役員になってから嶋氏はますます忙しくなっていますが、同社のクリエイティブ部門を統括する立場で、自分の差配で様々な決定ができるポジションにいます。さらに、要人との会合に呼ばれることも多く、充実している様子を身近に見ています。
嶋氏は先日も、佐賀新聞の中尾清一郎社長と同社の広告部署、デジタル部署の重鎮たちと会食をしており、私もこうした“トップ会談”を脇で見ていたのですが、「なんか羨ましいな」と思ったのは事実です。こちとら、しがないフリーランスで、基本的には与えられた仕事をこなすだけなもので、自ら大きな仕事を作り出す権限はないのです。
そうした中、何人かの博報堂の先輩から「お前、残っていたら役員になってたんじゃね?」と言われました。当然酔っ払ったうえでの戯言ですが、これを機に「もしも私が会社を辞めずにいたら、どうなっていたのか……」をあらためて考えてみました。
まぁ、どう考えても役員にはなれないでしょう。今、先輩方が言ってくれたのは、「今のお前のスキルと人脈があれば」ということなので、あのまま会社にいたとしても、出世街道には乗っていないだろうと想定されます。

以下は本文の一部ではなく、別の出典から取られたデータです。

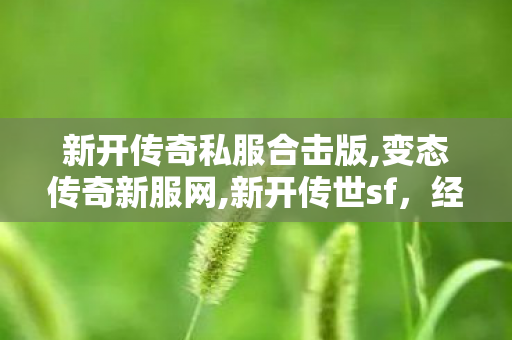 新开传奇私服合击版,变态传奇新服网,新开传世sf，经典传奇游戏续写辉煌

結局、今、自分がこのように様々な媒体で連載を持っていたり、書籍を執筆させてもらったりしているのも、「ネットニュース編集者」という新しい仕事を2006年に開拓することができたからです。そして、その経験を基に、ウェブ界隈の現状を分析する本『ウェブはバカと暇人のもの』(光文社新書)を2009年に出版したことで、その後の人生が大きく変わりました。博報堂に残っていたら間違いなくそうした経験はなかったことでしょう。